Xi Jinping said Tuesday that China would prioritize ties with Russia, calling the two “great neighboring powers” as he prepared for a second day of talks with Vladimir Putin expected to focus on Ukraine.
The Chinese president also said he invited the internationally isolated Putin to visit China later this year as both leaders seek an alliance to counteract Western power.
Beijing and Moscow’s trade ties have boomed since Russia’s Ukraine campaign, linking the nations more closely and raising worries in Western capitals over how far the ties will go.
Xi said China’s government would “continue to prioritize the all-round strategic partnership between China and Russia.”
“We are great neighboring powers,” he was quoted by Russian news agencies as saying during a meeting with Prime Minister Mikhail Mishustin.
Xi’s trip coincides with a surprise visit to Kyiv by Japanese Prime Minister Fumio Kishida, who arrived Tuesday in what Ukraine’s First Deputy Foreign Minister Emine Dzheppar called a “historic” visit.
Writing on Twitter, she called it “a sign of solidarity and strong cooperation between (Ukraine and Japan). We are grateful to Japan for its strong support and contribution to our future victory.”
Xi’s visit to Moscow has been viewed as a major boost for Putin, who is under Western sanctions and subject to an International Criminal Court warrant over accusations of unlawfully deporting Ukrainian children.
On Monday, Xi and Putin held four and a half hours of talks, calling each other “dear friend.”
In a rare move, Putin escorted Xi to his car after the talks, and the two were seen smiling together.
During the meeting, the Russian leader said he was open to talks on Ukraine and praised Beijing’s 12-point position paper on the conflict, which includes a call for dialogue and respect for all countries’ territorial sovereignty.
Xi and Putin are also expected to discuss boosting economic cooperation as Russia boosts energy exports to China after being mostly shut out of European markets.
Ahead of the talks, Russian gas giant Gazprom said that supplies through the Power of Siberia pipeline to China had reached a daily record on Monday.
Xi’s three-day visit began a day after Putin traveled to Mariupol in eastern Ukraine, his first trip to territory captured from Kyiv since the start of the assault in February 2022.
China has sought to portray itself as a neutral party in the Ukraine conflict, but Washington has said Beijing’s moves could be a “stalling tactic” to help Moscow.
U.S. Secretary of State Antony Blinken said Xi’s Moscow visit “suggests that China feels no responsibility to hold the president accountable for the atrocities committed to Ukraine.”

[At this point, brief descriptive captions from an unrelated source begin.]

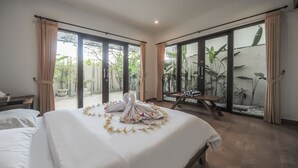 A hotel room with a large bed, a wooden bench, and a view of greenery through the sliding glass doors. - Sayang Sanur Resort (Denpasar)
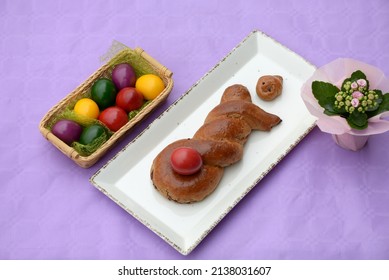 Home Baked Sweet Bread Bunny Holding Red Coloured Egg. Easter Cake With Walnut Stuffing In A Shape Of Easter Rabbit With Easter Eggs. Chocolate Roll Stuffed With Walnuts And Braided In Bunny Shape.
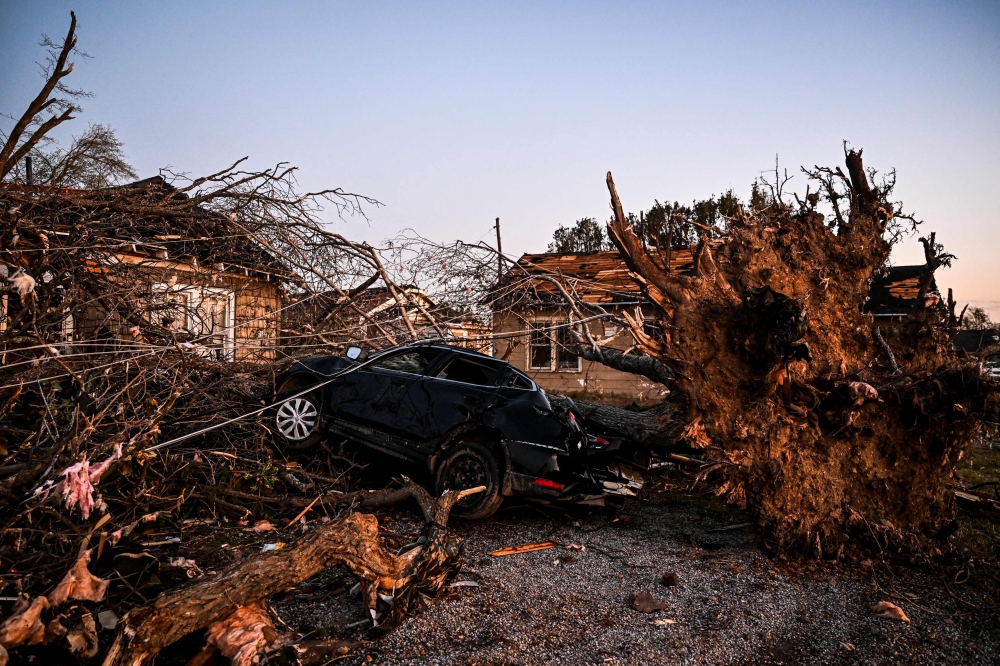 The remains of a house and cars are entangled in tree limbs in Rolling Fork, Mississippi, on March 25, 2023, after a tornado touched down in the area. Photo by Chandan Khanna / AFP

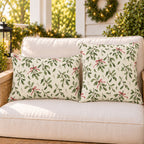 Green Christmas mistletoe outdoor pillow and outdoor lumbar pillow styled together as a set on a porch loveseat for Christmas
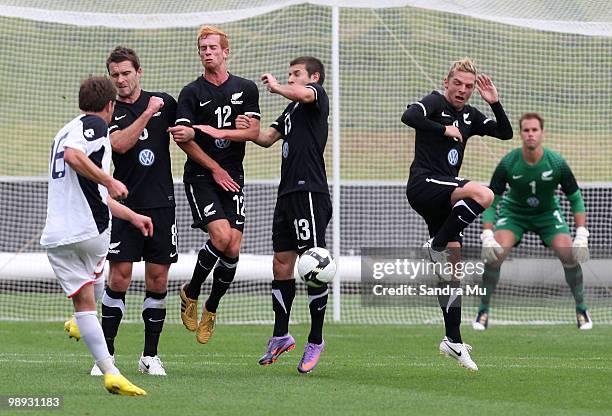 Allan Pearce of NZFC All Stars takes a freekick as Tim Brown, Aaron Clapham, Costa Barbarouses and David Mulligan of New Zealand A defend during a...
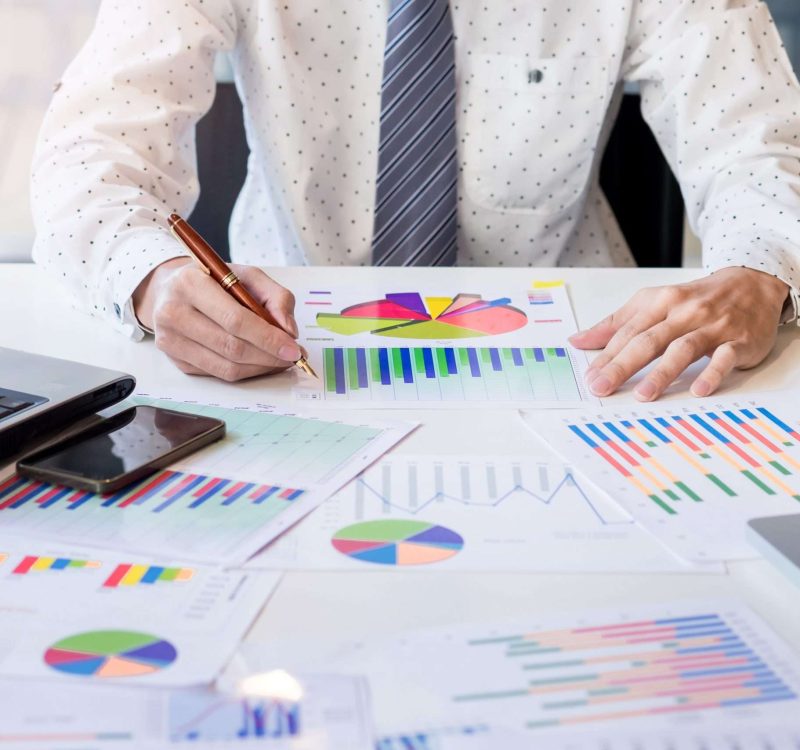 Working process startup. Businessman working at the wood table with new finance project. Modern notebook on table. Pen holding hand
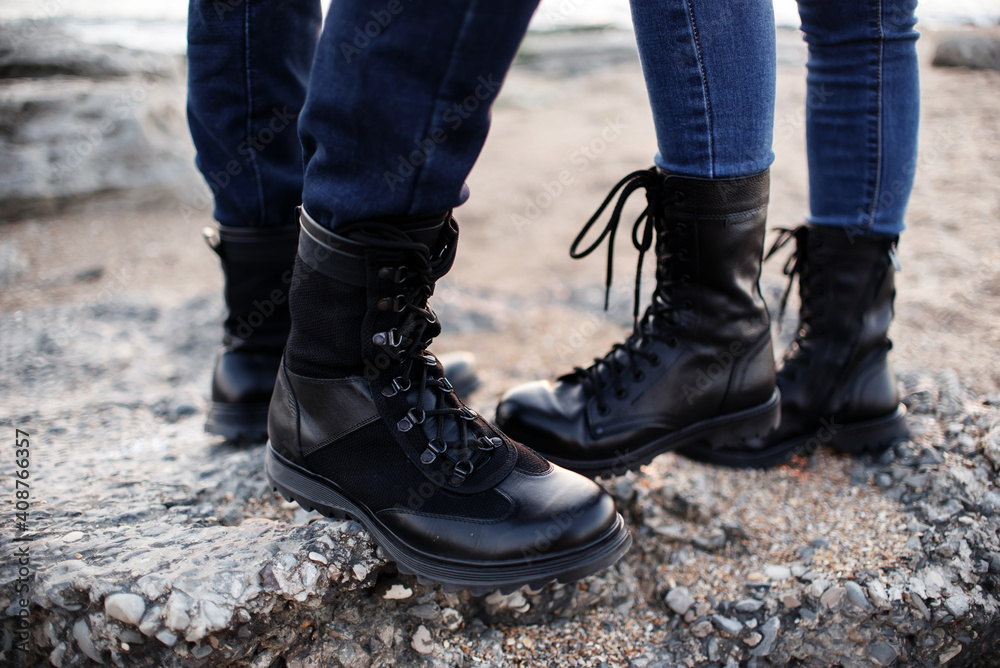 Guy and a girl in the mountains are yelling in black boots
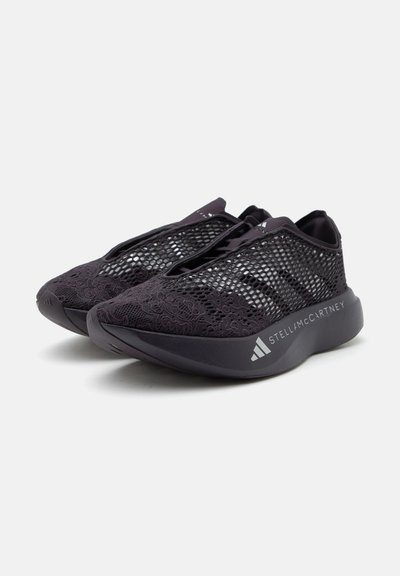 Ζευγάρι μαύρα sneakers slip-on με υφή από δίχτυ και δαντέλα και σήμανση "Stella McCartney" στη χοντρή σόλα, εμφανίζονται με λευκό φόντο.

“And instead of even condemning, it would rather provide diplomatic cover for Russia to continue to commit those great crimes,” he added.
The United States has accused Beijing of mulling arms exports to Moscow, claims China has vociferously denied.
Zelensky has said he would welcome talks with Xi, though there has been no indication from Beijing of any such plans.
Kishida heads to Kyiv
Meanwhile, Japanese leader Kishida was on his way to Kyiv, where he would offer “solidarity and support” in a meeting with Zelensky.
Kishida is the last Group of Seven leader to visit Ukraine and has come under increasing pressure to make the trip, as Japan hosts the grouping’s summit this May.
Japan and China are close trading partners, but Tokyo has been increasingly worried about Beijing’s growing assertiveness in the region.
Japan is part of the U.S.-led security alliance known informally as the Quad, which also includes India and Australia, and positions itself as a bulwark against China’s military ambitions in Asia and the Pacific.
Moscow and Beijing have over the past years ramped up cooperation, both driven by a desire to counterbalance U.S. global dominance.
While Beijing has called for an “impartial” mediation in the conflict, Western countries have argued that China’s proposals are heavy on grand principles but light on practical solutions.
The United States said last week that China’s proposals would simply consolidate “Russian conquest” and allow the Kremlin to prepare a fresh offensive.
China and Russia have often worked in lockstep at the UN Security Council, using their veto power as permanent council members to counter the West.
It defended Putin on Monday against the International Criminal Court, saying that the court should avoid what it called “politicization and double standards” and respect the principle of immunity for heads of state.
Russia’s assault on Ukraine has also deepened fears among Western powers that China could one day try to take control of the self-ruled island of Taiwan, which Beijing sees as part of its territory.